So you're looking to do a Van Selst and Jolicoeur (1994) type of outlier check. There has been a lot of work on RT since then ranging from a strong argument that any such outlier rejection is untenable (e.g. Ulrich & Miller, 1994) to suggestions for how to correct issues in other ways like transforming the distribution. Also, some suggest analyzing the distributions under an ex-gaussian hypothesis and ascribing different meanings to what happens in the normal and exponential parts of the distribution.
In general, any kind of data you collect will have values beyond a couple of standard deviations from time to time. And the number of them you see will be exaggerated in skewed distribution like RT. Usually outlier removal like you're attempting gets rid of 3% of the values. About 3% is about what's expected for RTs with those SD cutoffs (I think it was a Miller paper that showed that). Therefore, you aren't actually removing outliers but real data that's part of the distribution of responses.

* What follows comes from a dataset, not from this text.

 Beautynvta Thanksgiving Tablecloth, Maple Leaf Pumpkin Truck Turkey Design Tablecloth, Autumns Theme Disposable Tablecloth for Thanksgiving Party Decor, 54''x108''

May I suggest that you don't do this. You have two issues in the RT. One is that you can have genuine problematic outliers. The other is that the distribution is skewed (which is removed in the mean RTs with large enough numbers of RTs / subject due to CLT). Correcting the latter with outlier rejection causes lots of problems. Correcting the former requires outlier rejection techniques that help identify the genuine outliers.

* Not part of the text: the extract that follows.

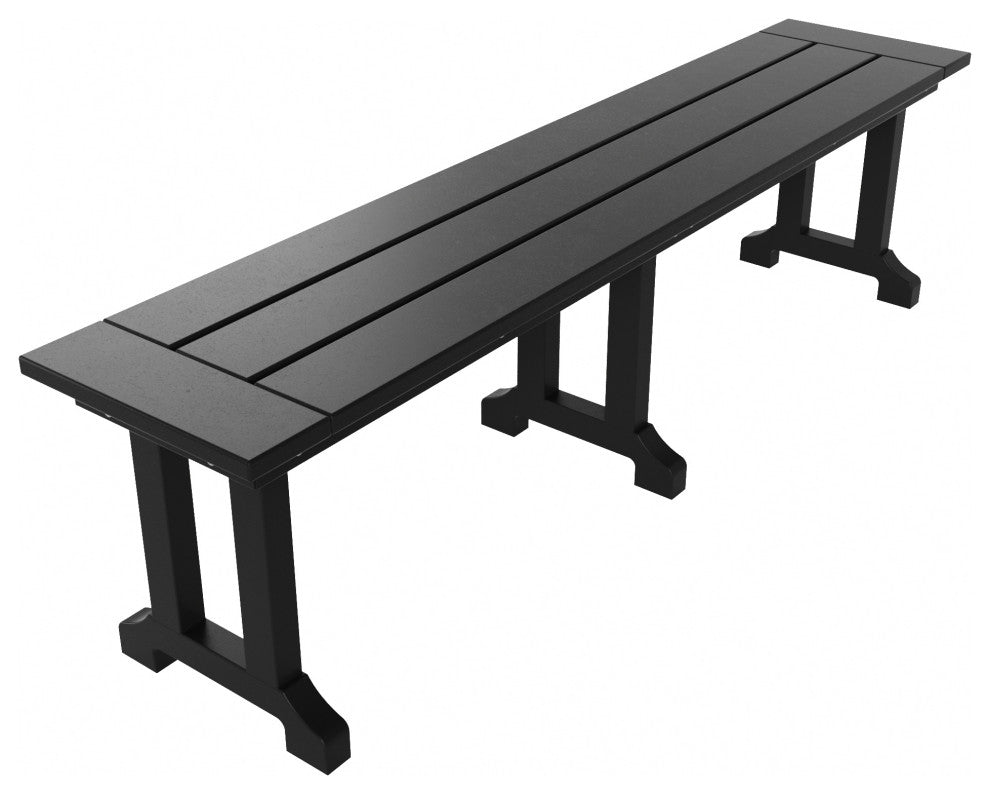WestinTrends 65" Trestle Poly Lumber Outdoor Patio Accent Bench, Picnic Bench, Black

Typically you'll also have accuracy measures. Functions of accuracy given reaction time have a characteristic pattern. RTs typically rise in accuracy very quickly and then stay that way for a period and fall off at a later point (even if the stimulus is constantly available). You can use an analysis of this function to get rid of RTs that are not outliers per se but rather don't reflect what you wish you analyze. The early RTs below a certain accuracy threshold won't actually be responses to the stimulus. They'll be guesses and anticipations. The later RT's, above accuracy threshold but after accuracy starts to fall off, won't reflect a response to the onset of the stimulus but a decision made at a later time. Typically both of these will be a small number of RTs (although object identification has a surprising pattern).
(There are of course many cases you have to vary these types of assessments. If it's a response compatibility task early RTs may be the only thing driving your effect. If the task has very large effects, such as in search functions, such an analysis might be untenable. And, of course, if you don't have an accuracy measure it's difficult. Consider different methods in those different cases. But don't just go blindly tossing RTs because they have a large z-score.)